# Tiny Baby Bunny (s)



## Bo B Bunny (Apr 20, 2008)

My niece phoned me first thing this morning. "Tigger got a baby bunny I think. It's in the barn, can you come see? I don't want to touch him or anything cause I think he's hurt." 

Little Bunny was very badly injured somewhere. RIP little guy. My heart is breaking just thinking of your tiny little mouth, ears, toes..... 

There was nothing I could do but tell you to rest and stroke your cheek.

:bigtears:


----------



## Leaf (Apr 20, 2008)

Oh no!!

:angelandbunny:


----------



## slavetoabunny (Apr 20, 2008)

Aww....I'm sorry Pennie. Sometimes there is nothing you can do besides give them comfort. I'm glad you were there for that.


----------



## Alexah (Apr 20, 2008)

You said there was nothing you could do, but you did perhaps the most important thing there was to do...

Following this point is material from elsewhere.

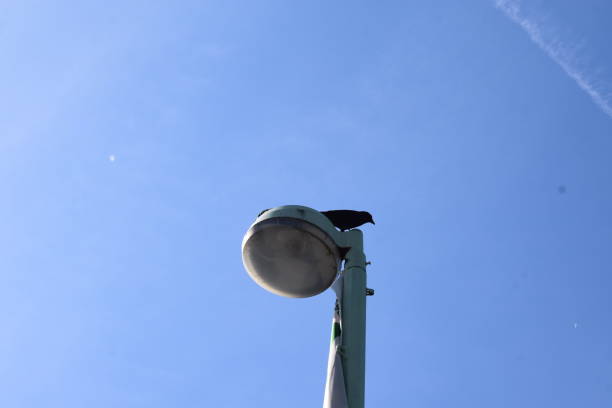 istock raven on a street light 1491535328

...you witnessed the baby bunny's life and their passage to the rainbow bridge. You provided comfort and let that baby know he or she was loved. 

You helped that baby pass on and I'm so grateful you were there for him or her.

Rest in peace sweet baby...you may have left too soon, but I know you did your part and touched some hearts. I hope my Lennox was there to meet you with all the other RO bunnies at the bridge.


----------



## Bo B Bunny (Apr 21, 2008)

Tig got another baby from the nest (I don't know where it was) after I left, and then when we were down this evening. I tried to save it but it was already too late.

I know Tigger is only being the animal he's supposed to be. I just don't know if I will be able to pet him and love him like before.. Three little baby bunnies broke my heart today.... :cry2


----------



## Alexah (Apr 21, 2008)

Aww....

I wish there was something I could say. Rest in peace sweet little ones.


----------



## cheryl (Apr 21, 2008)

Aww that'sso sad....poor little babies


----------



## LuvaBun (Apr 21, 2008)

Poor babies .

R.I.P. Little ones. I'm sorry, BBB, I know it must have been so upsetting for you!

Jan


----------



## Bo B Bunny (Apr 21, 2008)

It was hard cause the first one was still alive.... the second I didn't see, and the third was already gone so I had to get him away from the cat.

I dread going to the barn today.


----------



## Becca (Apr 21, 2008)

RIP little babies 
BBB there was nothing else you could do....


----------



## Bo B Bunny (Apr 21, 2008)

Thanks. I was actually suprised at myself today - I was out watching the kids and SIL ride and Tig came over (he's a big goober and loves his tummy rubbed) and I was petting him and told him I really needed him to leave the bunnies alone! and before long I was laughing at him again. 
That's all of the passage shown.